Il y a en outre quelque chose en commun entre nos pays (Venezuela, Argentine et Brésil), à savoir les engagements de progrès et d'avancée sociale pour nous rapprocher de la justice sociale, chacun dans ses propres réalités.

Il existe un secteur de conscience énorme sur le Continent. La justice sociale est désormais un engagement et une nécessité après les traumatismes que nous avons soufferts à cause des excès du néo-libéralisme dans nos pays et de l'insensibilité progressive des classes dirigeantes qui oublièrent ceux qu'elles représentaient."

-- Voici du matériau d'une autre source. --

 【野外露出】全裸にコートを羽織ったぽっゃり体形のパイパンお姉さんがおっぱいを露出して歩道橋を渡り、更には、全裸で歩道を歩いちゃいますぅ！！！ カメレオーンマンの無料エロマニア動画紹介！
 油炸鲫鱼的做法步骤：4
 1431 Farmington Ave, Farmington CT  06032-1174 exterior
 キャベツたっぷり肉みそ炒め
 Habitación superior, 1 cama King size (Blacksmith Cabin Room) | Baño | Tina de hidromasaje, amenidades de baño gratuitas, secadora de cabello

-Vous êtes en quelque sorte le visage visible du Venezuela lorsque, en votre qualité de ministre des Affaires étrangères, vous visitez divers pays. Comment êtes-vous reçu? A travers vous, critique-t-on ou appuie-t-on le gouvernement de Hugo Chavez?

"Je reçois appuis et critiques et en outre de la désinformation. Comme le Venezuela souffre d'une dictature médiatique, il arrive que parfois quelques dirigeants ou médias d'autres pays ne prennent pas la peine de chercher une information alternative et ils se guident par ce que disent des médias (vénézuéliens) qui ont pratiquement remplacé les partis traditionnels. Ainsi, les médias qui, pour sûr, ne sont pas obligés à rendre des comptes comme les partis politiques ont occupé l'espace de l'opposition. Mais il y a aussi beaucoup de curiosité, ce qui nous permet de trouver un dialogue."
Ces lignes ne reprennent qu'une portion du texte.